DATA RECORDS START
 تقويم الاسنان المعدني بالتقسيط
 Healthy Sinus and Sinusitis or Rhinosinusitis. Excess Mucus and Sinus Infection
DATA RECORDS END
DATA RECORDS START
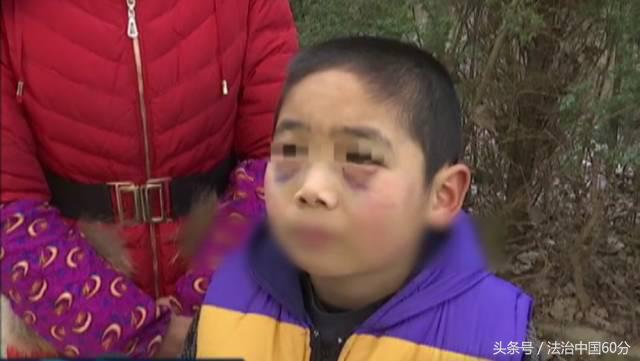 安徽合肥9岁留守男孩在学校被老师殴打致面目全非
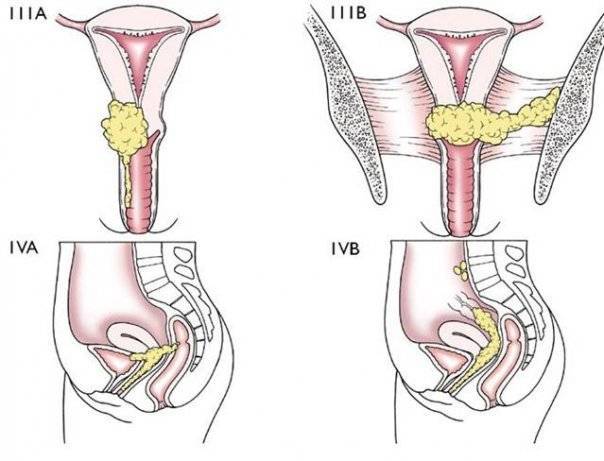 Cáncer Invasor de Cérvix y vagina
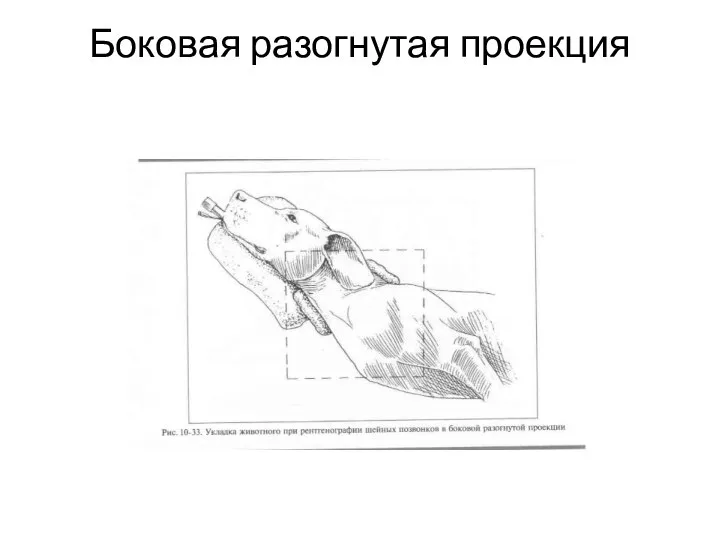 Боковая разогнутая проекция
DATA RECORDS END
DATA RECORDS START
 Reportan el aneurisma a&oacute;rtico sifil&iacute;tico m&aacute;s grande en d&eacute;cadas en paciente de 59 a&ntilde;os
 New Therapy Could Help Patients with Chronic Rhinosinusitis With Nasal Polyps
DATA RECORDS END
_PROBLEM DESCRIPTION:_
Look back at the entries above and repeat, unchanged, every line from the line holding "تقويم الاسنان المعدني بالتقسيط" through the line holding "Healthy Sinus and".

_RESULT FOR THIS EXERCISE:_
 تقويم الاسنان المعدني بالتقسيط
 Healthy Sinus and Sinusitis or Rhinosinusitis. Excess Mucus and Sinus Infection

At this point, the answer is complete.